#### [THE INPUT]

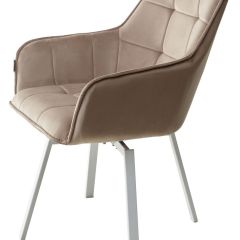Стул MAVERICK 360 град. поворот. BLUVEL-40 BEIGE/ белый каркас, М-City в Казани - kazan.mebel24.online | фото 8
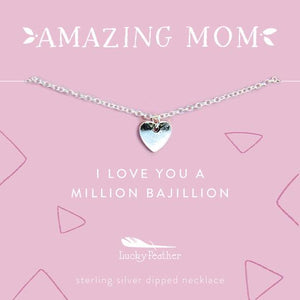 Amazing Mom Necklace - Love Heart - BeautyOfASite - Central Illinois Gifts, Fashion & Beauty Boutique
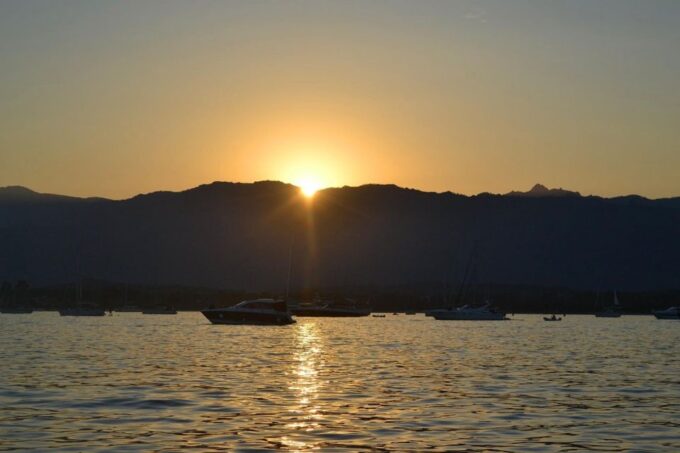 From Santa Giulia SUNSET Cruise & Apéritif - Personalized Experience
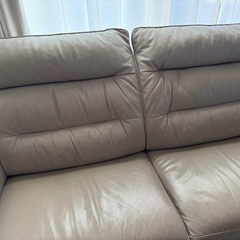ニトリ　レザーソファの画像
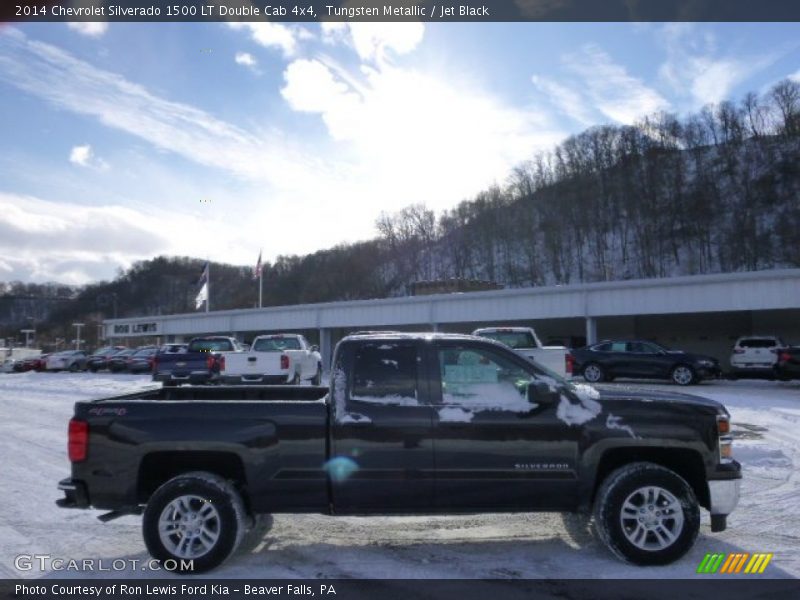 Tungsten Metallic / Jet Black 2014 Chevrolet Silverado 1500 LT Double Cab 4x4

#### [PROBLEM STATEMENT]
Starting at the line that contains "Amazing Mom Necklace", transcribe every line through the end of the listing exactly, including both end lines and excluding pictures.

#### [EXERCISE ANSWER]
 Amazing Mom Necklace - Love Heart - BeautyOfASite - Central Illinois Gifts, Fashion & Beauty Boutique
 From Santa Giulia SUNSET Cruise & Apéritif - Personalized Experience
ニトリ　レザーソファの画像
 Tungsten Metallic / Jet Black 2014 Chevrolet Silverado 1500 LT Double Cab 4x4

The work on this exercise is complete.